Случилось так, что они с Диего должны были съездить по поручению одного знакомого в северный район Швеции. Я забыла упомянуть, что наши герои путешествовали по Старому Свету не от хорошей жизни. Они бежали из своей страны, где воцарился хаос, и искали какое-нибудь прибежище, чтобы переждать там лихие времена. С деньгами у них было туго, и если бы не многочисленные приятели Диего, который в ранней молодости служил дипломатом, они бы пополнили ряды каких-нибудь отверженных клошаров. Приятели если и не давали в долг, то, по крайней мере, снабжали рекомендациями, помогавшими найти приют. За это иногда приходилось выполнять некоторые их просьбы.
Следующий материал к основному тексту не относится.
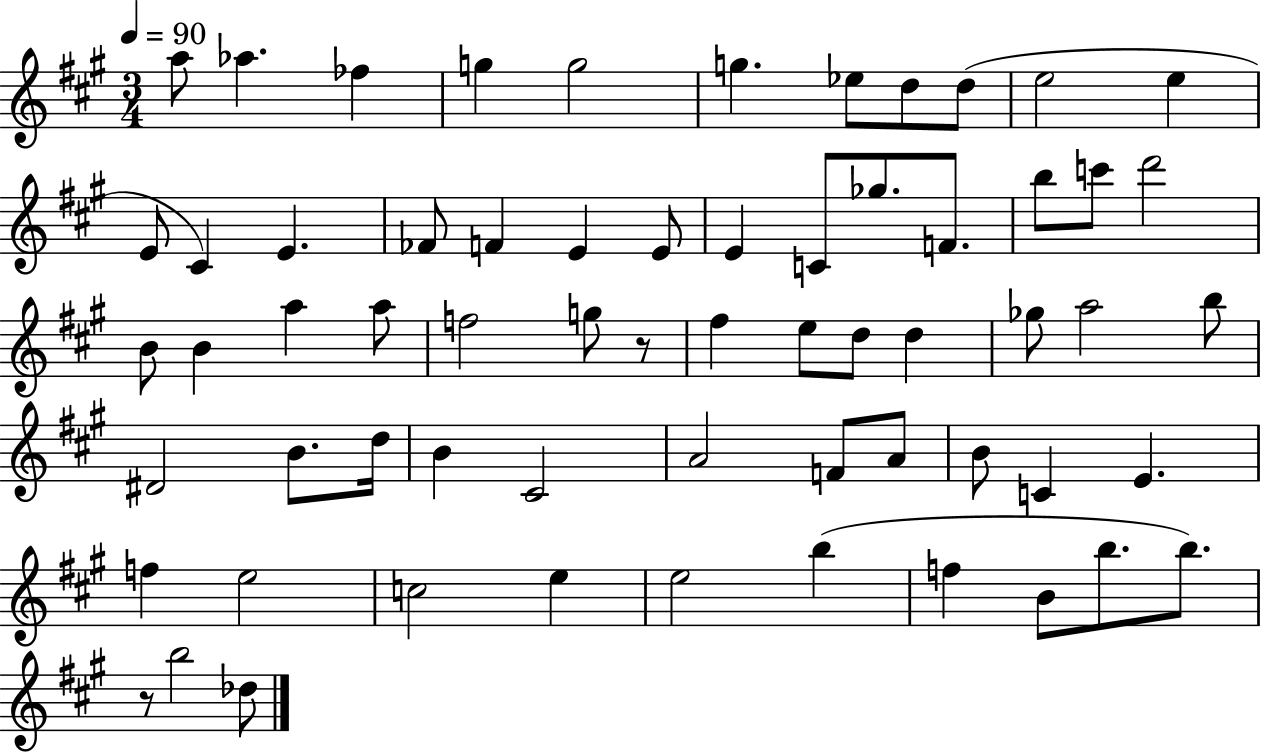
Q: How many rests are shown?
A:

В том феврале, когда хороший хозяин собаку бы не выгнал из дома, Анни и Диего поехали на север, чтобы передать письмо от стокгольмского мецената… неважно, кому. Эти нюансы для нас не имеют значения.
Они ехали на оленьей упряжке, попали в буран. Сани перевернулись, погонщик – или как он там зовется у скандинавов? – погиб, олени, вырвавшись из постромков, разбежались. И все это произошло в чистом поле.
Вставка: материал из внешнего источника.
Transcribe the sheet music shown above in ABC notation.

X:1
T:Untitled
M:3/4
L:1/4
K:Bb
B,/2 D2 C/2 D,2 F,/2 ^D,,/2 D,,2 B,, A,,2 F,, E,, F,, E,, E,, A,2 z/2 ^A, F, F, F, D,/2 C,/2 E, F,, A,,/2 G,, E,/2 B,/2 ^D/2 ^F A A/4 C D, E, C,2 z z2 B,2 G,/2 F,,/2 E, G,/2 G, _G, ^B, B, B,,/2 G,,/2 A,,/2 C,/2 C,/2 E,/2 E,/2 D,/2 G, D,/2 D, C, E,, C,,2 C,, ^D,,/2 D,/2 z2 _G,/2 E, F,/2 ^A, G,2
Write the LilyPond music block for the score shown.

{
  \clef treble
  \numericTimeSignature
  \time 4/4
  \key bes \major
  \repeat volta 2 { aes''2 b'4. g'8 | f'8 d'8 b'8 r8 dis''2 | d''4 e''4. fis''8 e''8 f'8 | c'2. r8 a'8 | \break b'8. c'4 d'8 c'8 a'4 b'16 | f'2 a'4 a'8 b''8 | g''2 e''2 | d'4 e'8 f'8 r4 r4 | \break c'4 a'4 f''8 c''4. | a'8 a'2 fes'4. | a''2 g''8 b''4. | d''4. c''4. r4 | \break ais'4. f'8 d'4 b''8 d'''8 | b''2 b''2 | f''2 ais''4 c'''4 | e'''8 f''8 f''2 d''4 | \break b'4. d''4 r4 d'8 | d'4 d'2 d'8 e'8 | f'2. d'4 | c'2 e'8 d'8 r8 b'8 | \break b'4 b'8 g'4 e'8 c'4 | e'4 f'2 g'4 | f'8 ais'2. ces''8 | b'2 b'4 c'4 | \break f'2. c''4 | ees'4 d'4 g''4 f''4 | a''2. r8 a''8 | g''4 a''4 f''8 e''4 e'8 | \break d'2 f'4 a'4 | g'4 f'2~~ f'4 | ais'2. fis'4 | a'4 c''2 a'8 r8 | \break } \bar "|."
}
Ни Диего, ни Анни не знали местности, в которой очутились. Они пошли наугад, на свое счастье, добрели до деревушки с горсткой лачуг и постучались в первую попавшуюся. Им открыл сердитый человечек – низенький, с красной лысиной, в круглых очках, делавших его похожим на профессора. Как позже разъяснилось, он и вправду был профессором, а наши герои оторвали его от важного химического опыта.
Профессор поначалу не выказал желания впускать странников в дом, но Анни со свойственным ей обаянием сумела его переубедить. Он проникся сочувствием к заблудившимся чужестранцам и разрешил им остаться, пока не утихнет вьюга. Он даже накормил их обедом – вареной картошкой и похлебкой из рыбы.
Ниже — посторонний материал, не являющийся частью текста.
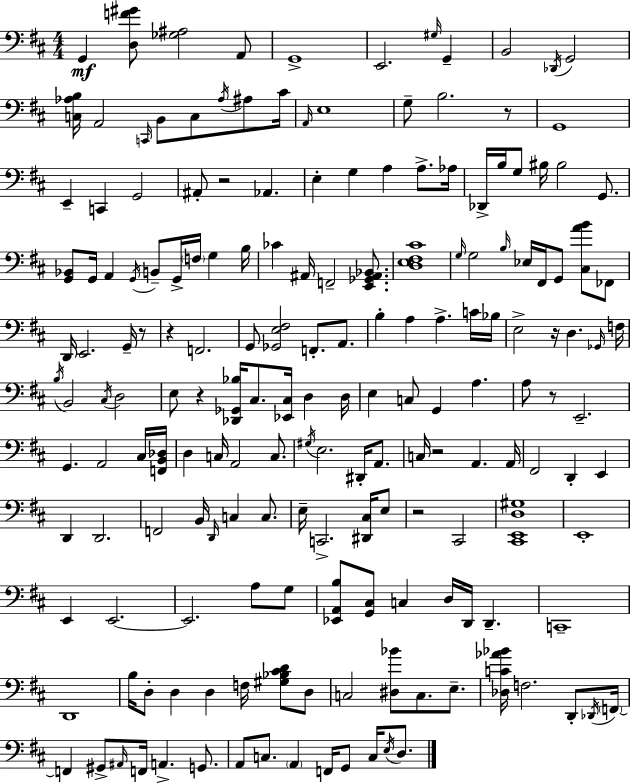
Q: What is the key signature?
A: D major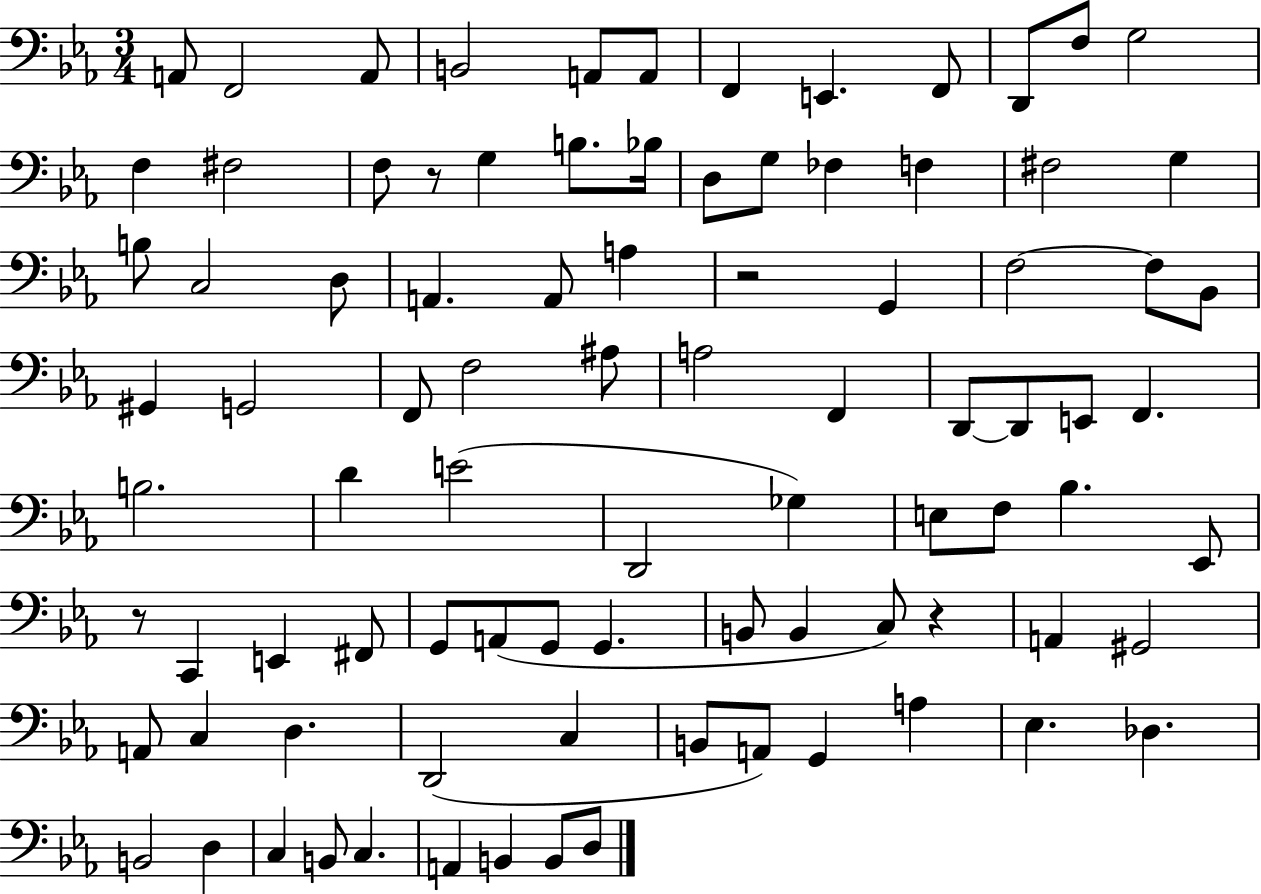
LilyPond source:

{
  \clef bass
  \numericTimeSignature
  \time 3/4
  \key ees \major
  \repeat volta 2 { a,8 f,2 a,8 | b,2 a,8 a,8 | f,4 e,4. f,8 | d,8 f8 g2 | \break f4 fis2 | f8 r8 g4 b8. bes16 | d8 g8 fes4 f4 | fis2 g4 | \break b8 c2 d8 | a,4. a,8 a4 | r2 g,4 | f2~~ f8 bes,8 | \break gis,4 g,2 | f,8 f2 ais8 | a2 f,4 | d,8~~ d,8 e,8 f,4. | \break b2. | d'4 e'2( | d,2 ges4) | e8 f8 bes4. ees,8 | \break r8 c,4 e,4 fis,8 | g,8 a,8( g,8 g,4. | b,8 b,4 c8) r4 | a,4 gis,2 | \break a,8 c4 d4. | d,2( c4 | b,8 a,8) g,4 a4 | ees4. des4. | \break b,2 d4 | c4 b,8 c4. | a,4 b,4 b,8 d8 | } \bar "|."
}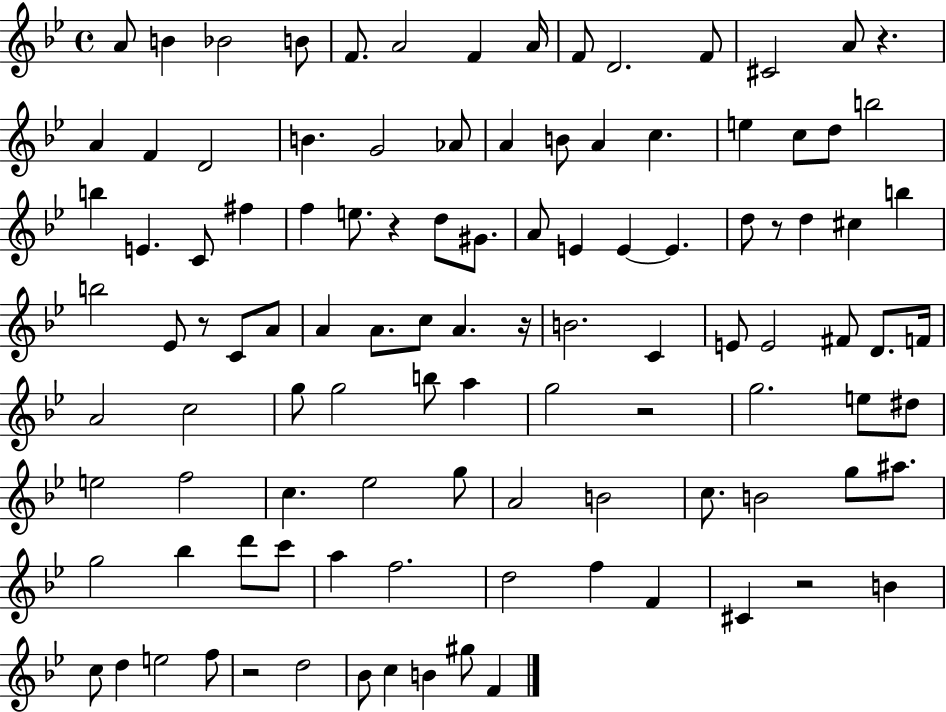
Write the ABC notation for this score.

X:1
T:Untitled
M:4/4
L:1/4
K:Bb
A/2 B _B2 B/2 F/2 A2 F A/4 F/2 D2 F/2 ^C2 A/2 z A F D2 B G2 _A/2 A B/2 A c e c/2 d/2 b2 b E C/2 ^f f e/2 z d/2 ^G/2 A/2 E E E d/2 z/2 d ^c b b2 _E/2 z/2 C/2 A/2 A A/2 c/2 A z/4 B2 C E/2 E2 ^F/2 D/2 F/4 A2 c2 g/2 g2 b/2 a g2 z2 g2 e/2 ^d/2 e2 f2 c _e2 g/2 A2 B2 c/2 B2 g/2 ^a/2 g2 _b d'/2 c'/2 a f2 d2 f F ^C z2 B c/2 d e2 f/2 z2 d2 _B/2 c B ^g/2 F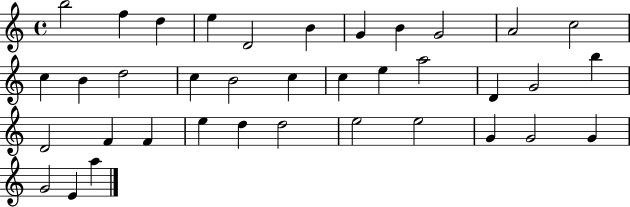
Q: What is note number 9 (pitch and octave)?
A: G4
Когда они ели и отогревались у жаркой печи, пожаловал еще один гость. Его звали Гастоном, он прибыл из Гетеборга, но принадлежал к бельгийской нации и с профессором общался на языке галлов. Анни владела им в совершенстве. Из реплик, которыми обменивались эти двое, она поняла, что они дружны с юности, вместе обучались в Сорбонне, и, хотя живут нынче в разных странах, дружба не прекращается, чему способствуют взаимные визиты и активная переписка.
Гастон оказался угрюмым и малоречивым. Возможно, его стесняло присутствие чужаков, при которых он не хотел откровенничать. Следует сказать, что профессор был тем еще оригиналом. Он обмолвился, что совершил несколько эпохальных открытий и мог бы жить в хоромах, однако предпочитает им глухомань и эту утлую хибару, потому что здесь никто не мешает ему заниматься научными изысканиями. Тишина и уединение – вот все, что ему нужно.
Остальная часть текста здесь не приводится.